When a client sends a request for a new lease, it will get lease for MCLT duration. When the client attempts to renew the lease at half the lease period i.e. MCLT/2, it will be given the scope lease duration if DHCP failover is in NORMAL state.
This is as per the DHCP failover protocol. This does increase the traffic from new clients but given the scalability of Windows DHCP server, this should not pose any deployment problem.
It would be useful to show the PowerShell Cmdlets used to set this up.
Thomas, please see the blog article "DHCP Failover using PowerShell" at - blogs.technet.com/.../dhcp-failover-using-powershell.aspx
Could you please provide more explanation on MCLT? Does it has got any relation with DHCP lease period? I am confused.
Jobish, please look at the description of MCLT as well as the DHCP examples section in "Understand and deployment guide' for DHCP failover -
Hello DHCP Team, I got issues with DHCP Snooping as recorded on
http://support.microsoft.com/kb/2978225, but instead of reduce the number of servers on switches I changed the mode from Load Balance to StandBy and so far I don't have detected packages being dropped by the DHCP Snooping, so if this is actually a valid
configuration to keep both features fully functional, you could evaluate to include it on article as additional solution.
If one server goes down for an extended period, is there a setting to make 100% of the scope available to the good server instead of 50% so that all 200 of our hosts get an ip address instead of only 100? Thanks.
John, when one server goes down the second server (in communication interrupted state) will renew all existing clients including clients which were earlier responded to by the server which went down. I think this addresses your concern ?
There is a different aspect where the second server will be serving "new leases" from 50% of "free" IP addresses in the scope. However, after the second server moves to "Partner down" state, it will have take over 100% of the "free" IP addresses in the scope.
Assuming one DHCP server in a load-balanced pair has crashed and the second server is supporting 100% of the clients, what is the process to recover the second server and re-establish the 50%/50% split?

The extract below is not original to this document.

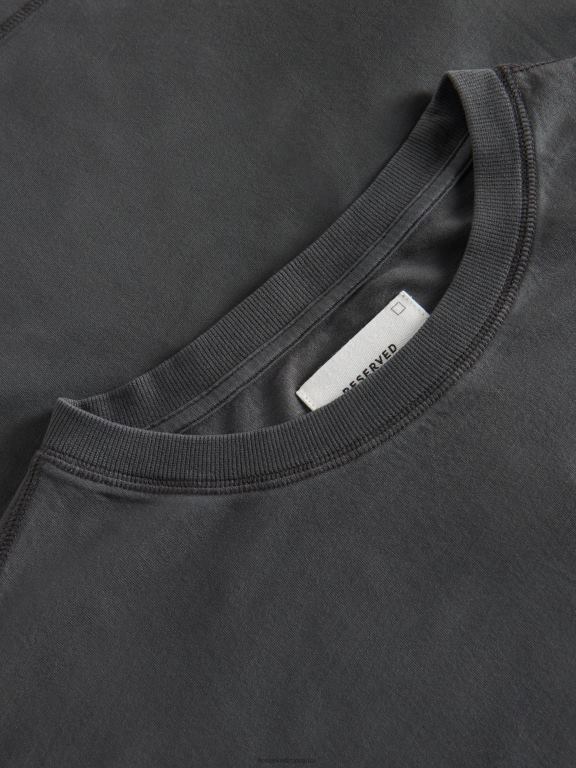 gri inchis Reserved bărbați îmbrăcăminte tricou supradimensionat 648HZ1161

Is this process documented somewhere on TechNet?
Hi Andrew, once the DHCP server service on the second server starts, it will automatically sync up with the first server and make its lease database up to date. After that, it will enter NORMAL failover state and start servicing clients. At that point,
they will start sharing the load 50:50. There is no admin intervention required. It is expected to just work!
Thanks for the previous answer - that helps, but I do have a follow-up question.
My customer has noticed that there seems to be a master/slave (or Primary / Secondary) relationship, whereby a scope created on DHCP-Server-1 can only be updated (i.e. reconfigured) on that server (and not on DHCP-Server-2). is that expected behaviour? And
if that is the case what happens if one server from a load-balancing pair has to be permanently removed? Is it possible to force the 'secondary' DHCP server to become the master for all defined scopes?